(Items listed in a dataset)
# # #
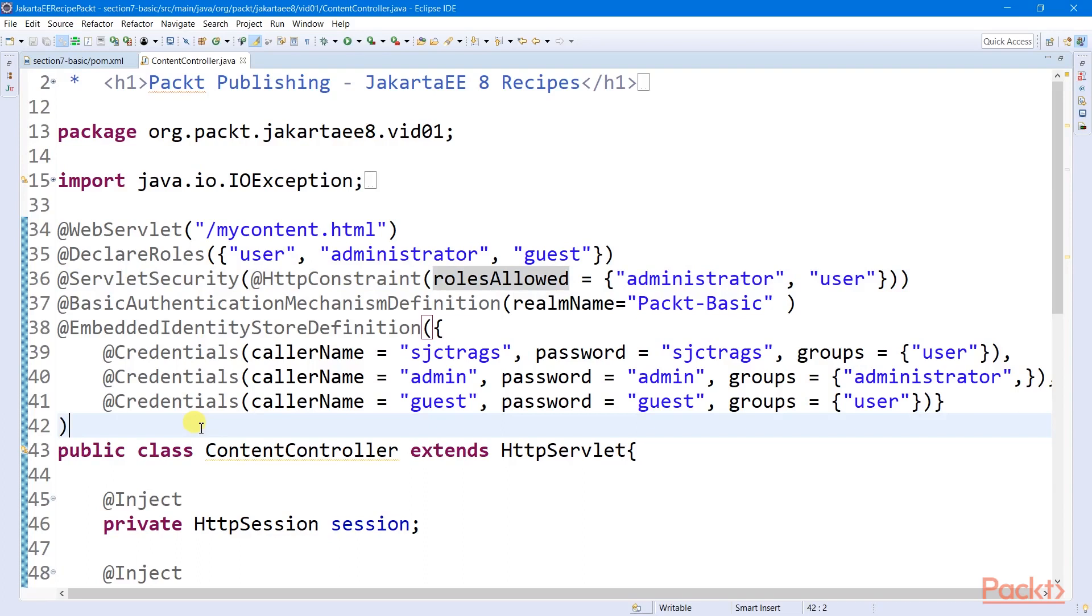In this recipe, we will be utilizing the simplest and easy to configure type, which is the embedded identity store. In Eclipse Soteria, we use the embedded identity store definition annotation to register all these built-in user credentials and roles.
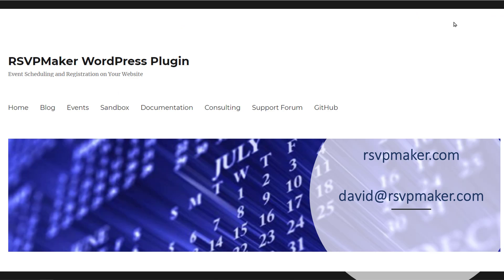RSVP maker is a free plugin available in the wordpress.org repository. Support also available through the wordpress.org forums. Customization services available on request.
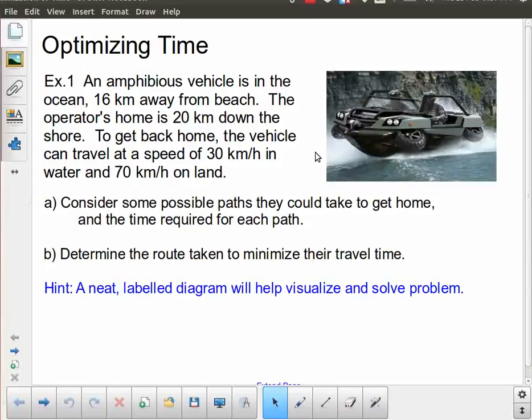In this lesson we're continuing our discussion of using calculus to perform optimizations. This is very similar to the previous lesson where we looked at optimizing distances, because now I'm going to be optimizing time. And in the case of motion, time and distance are related to each other. So first of all, let's take a look at the scenario.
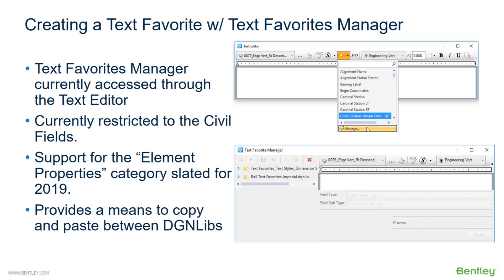In addition to the text editor, we also have something called a text favorites manager, which is currently being released as a tech preview, meaning it's still under development. It's currently accessed through the text editor, restricted to civil fields with support for element properties categories slated for 2019, and provides a means to copy and paste between different DGN libraries.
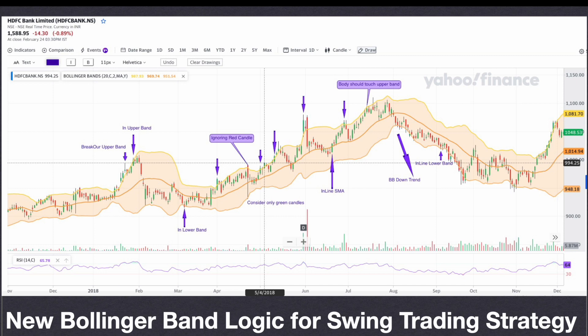The Bollinger Band indicator has three lines: the upper line is the upper band, the lower line is the lower band, and the middle line is the standard moving average. If the price goes beyond the upper band it's a high price; if the price goes below the lower band it's a lower price; and if it's moving along the center line it's a standard price.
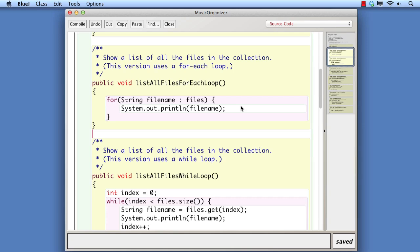The for-each loop works particularly well with collections that don't necessarily have integer index values associated with their contents. The LinkedList class is one particular example of this, where LinkedList and ArrayList are very similar in terms of the functionality they offer, but the LinkedList does not store its objects in an integer index data structure.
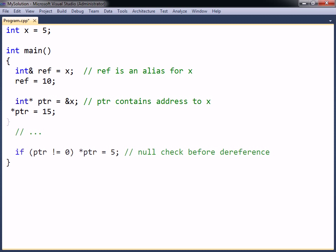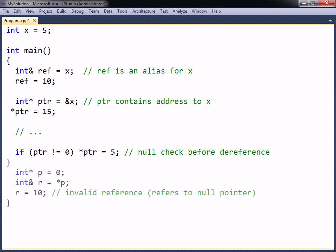This means that there is no need to check if a reference refers to null, as should be done with pointers. It is possible for a reference to be invalid, for example when a reference refers to a null pointer, but it is much easier to avoid this kind of mistake with references than it is with pointers.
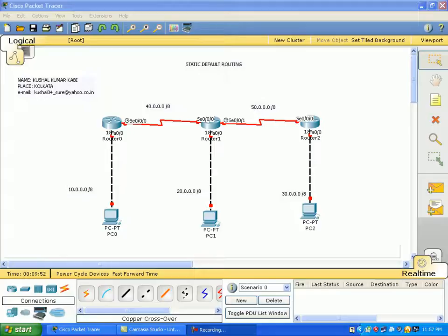Look at this scenario. It has a 10 network, 20 network, and 30 network. The router has a 40 or 50 network. If you have a provision that you have a 10 network, you will contact the 30 network. We will contact PC0 and PC2.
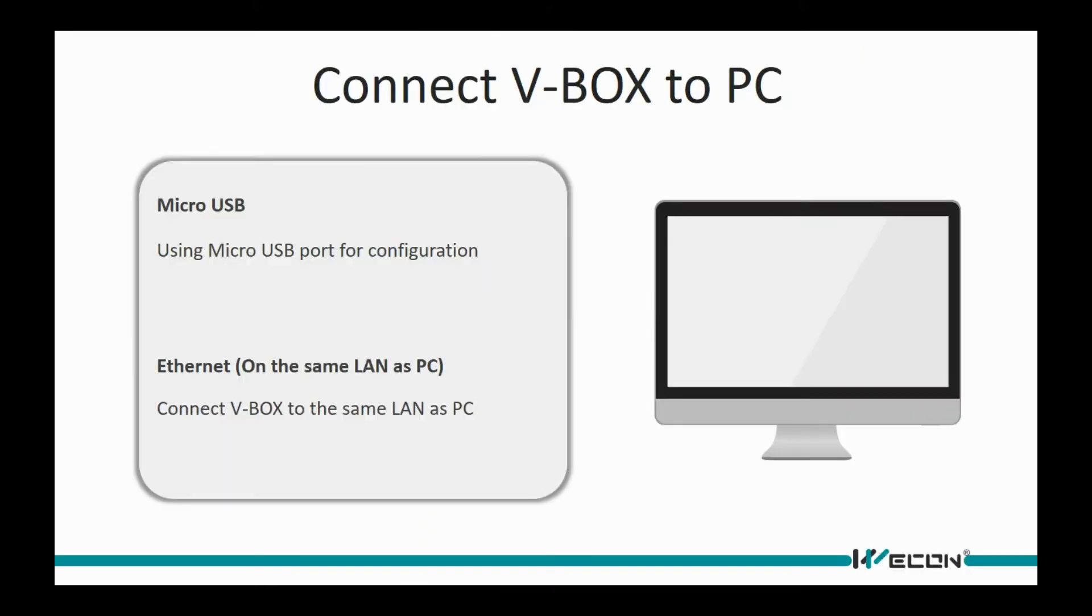For getting a machine ID, we need to connect B-Box to PC. There are two ways for it: via USB cable and LAN connect.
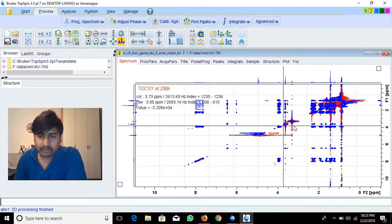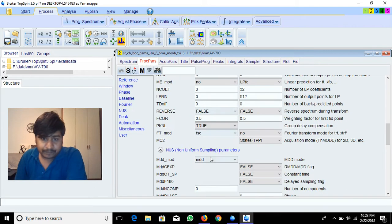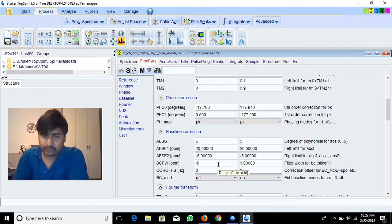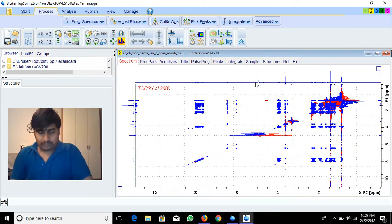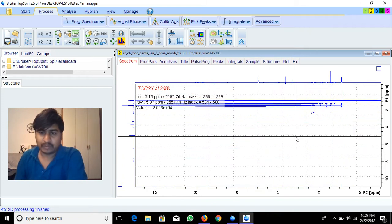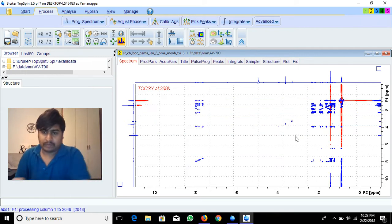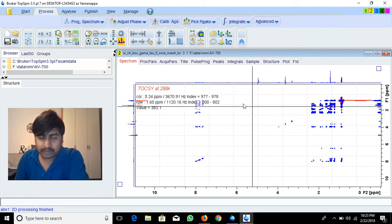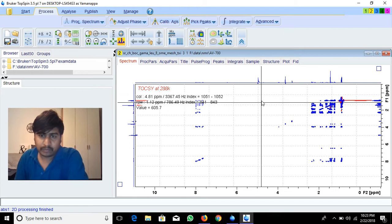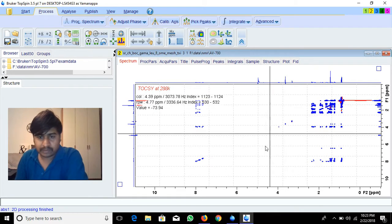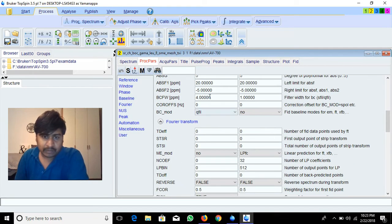If you increase the width more, it will suppress more. For example, I'll try giving 4 ppm — see what happens. With 4 ppm it suppresses completely — all cross peaks are gone too, the intensity is completely removed. A 4 ppm width means 2 ppm on the left and 2 ppm on the right are suppressed. So when using qfill you must be very careful about how much ppm you suppress.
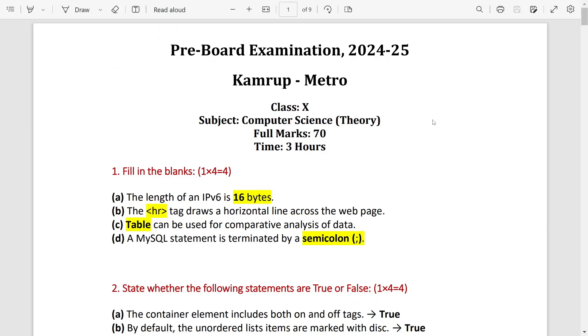Welcome to E-Traffic. This is the solved question paper of Computer Science Pre-Board Examination. First, fill in the blanks for four marks. These are the correct answers: IP, the length of IPv6 is 16 bytes, but if you convert into bits it becomes 128 bits.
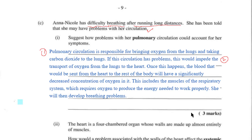How would problems with circulation affect the rest of the body? The circulation has problems, which will impede the transport of oxygen. Blood is sent from the heart to the body with a decreased concentration of oxygen. If less oxygen is being transported throughout the body, she will have a problem getting energy to the various muscles, including the muscles that allow her to breathe, causing breathing problems whenever she exerts herself.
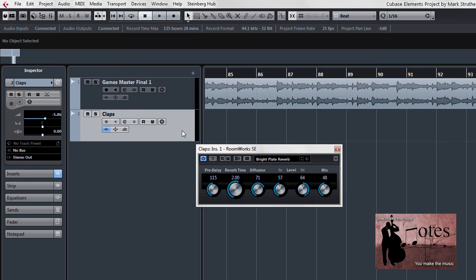I'll leave it here now, now that we've seen how we can add some extra life into a dry track by using reverb in this case.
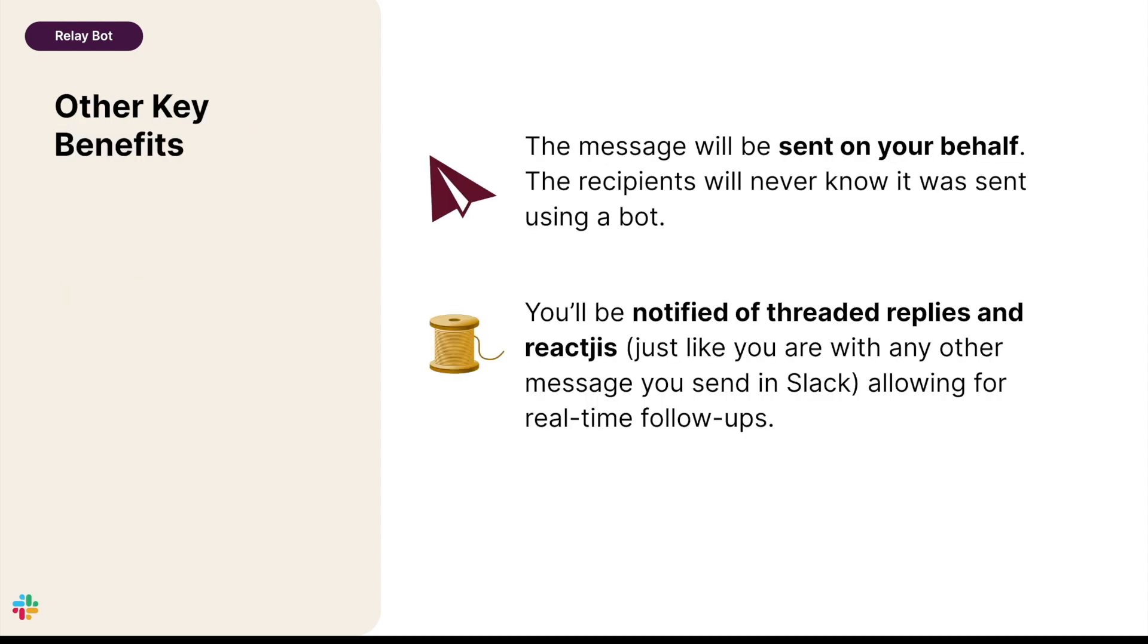With RelayBot, messages look normal to the recipients. No one will be able to tell that a bot sent them. Slack treats them normally as well, notifying you of threaded replies and reactions just as you'd expect.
# # #
* **WHAT IS REQUIRED**
Starting at the line above that holds "If you increase", return each line up to and including the one that holds "Welcome to E-Traffic.", exactly as written, minus any pictures.

* **ANSWER BOX**
If you increase the width more, it will suppress more. For example, I'll try giving 4 ppm — see what happens. With 4 ppm it suppresses completely — all cross peaks are gone too, the intensity is completely removed. A 4 ppm width means 2 ppm on the left and 2 ppm on the right are suppressed. So when using qfill you must be very careful about how much ppm you suppress.
Welcome to E-Traffic. This is the solved question paper of Computer Science Pre-Board Examination. First, fill in the blanks for four marks. These are the correct answers: IP, the length of IPv6 is 16 bytes, but if you convert into bits it becomes 128 bits.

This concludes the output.